L02 — January 2011 — Blood Basics
Intro: Being stuck with a needle is no fun, but blood tests are a very important part of your general physical examination. The information doctors get from blood tests provides information on whether or not your body is functioning normally. So, what exactly are they looking for in your sample of blood? Let's take a look at blood test basics.
Ouch. That needle can sting. But your blood holds important clues to your health.
For the routine blood tests, we generally do what we call a complete blood count.
Dr. Rajiv Pruthi says a complete blood count measures certain components in your blood. If the numbers are off balance, it means something's not right. For instance, if your hemoglobin, present in red blood cells, is low, you have anemia. If your white cell count is high, you could have an infection or other more-serious conditions. Basically, blood tests are screening tests.
Which, in conjunction with the patient history and physical exam, will lead you to a diagnosis if there are abnormalities.
Here are the basic components of your blood. Blood is made in the bone marrow. It's like a factory that produces red blood cells, white blood cells and platelets. Red blood cells are transport molecules. They carry oxygen from the lungs to the rest of your body. They also carry carbon dioxide away from tissue to your lungs to breathe out. White blood cells are part of the immune system. It's their job to fight off infection. Platelets are tiny particles that scan blood vessels looking for holes. If they find any, they form clots.

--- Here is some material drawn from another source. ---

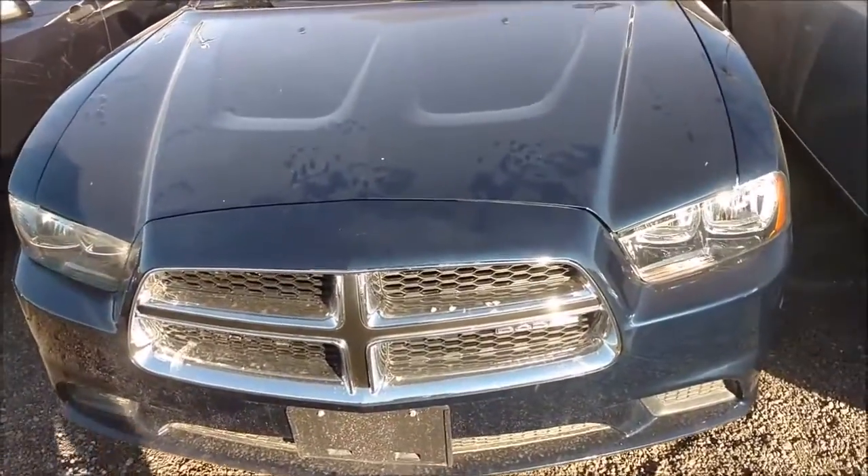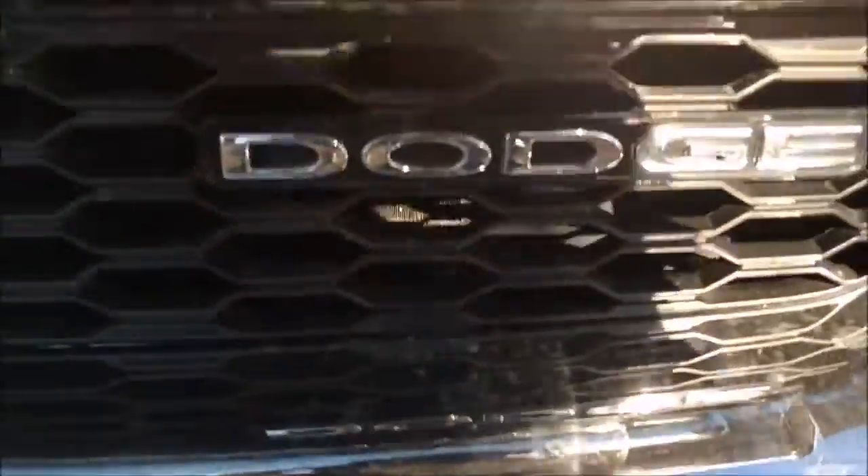Today I'm reviewing a 2011 Dodge Charger Pursuit. Here's the Dodge — I'm going to check around the side and the back. This used to belong to the Nevada Highway Patrol, but now it's retired. Here's the side again.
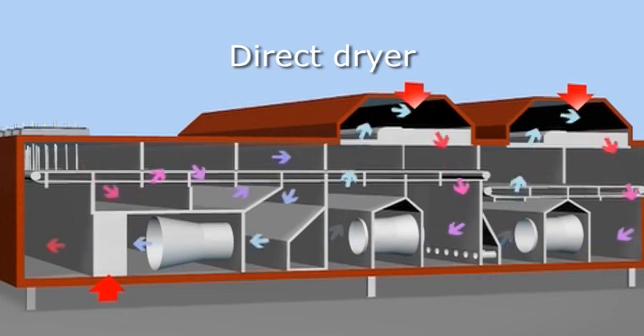The dry air is reheated and recirculated. The dryer is kept at under pressure, ensuring that no odour is released to the surroundings. The retention time of the sludge in the dryer is more than one hour at a temperature higher than 75 degrees Celsius.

If, after a blood test, the amount of these cells in your blood is too high or too low, your doctor may order further testing to find out why.
We know there are many diseases that we deal with, and we know what those diseases do to the blood, platelets, hemoglobin and white cells. But sometimes patients may have minimal or no symptoms and the first sign is abnormalities on your complete blood count.
Yes, that needle may pinch, but Dr. Pruthi says it's important to get a complete blood count once a year. And if there are any issues, it's important to find out why.
For Medical Edge, I'm Vivien Williams.
You might wonder why they use veins in your arms to draw blood for most blood tests. Well, veins are easier to access, and it's less painful to puncture a vein than an artery.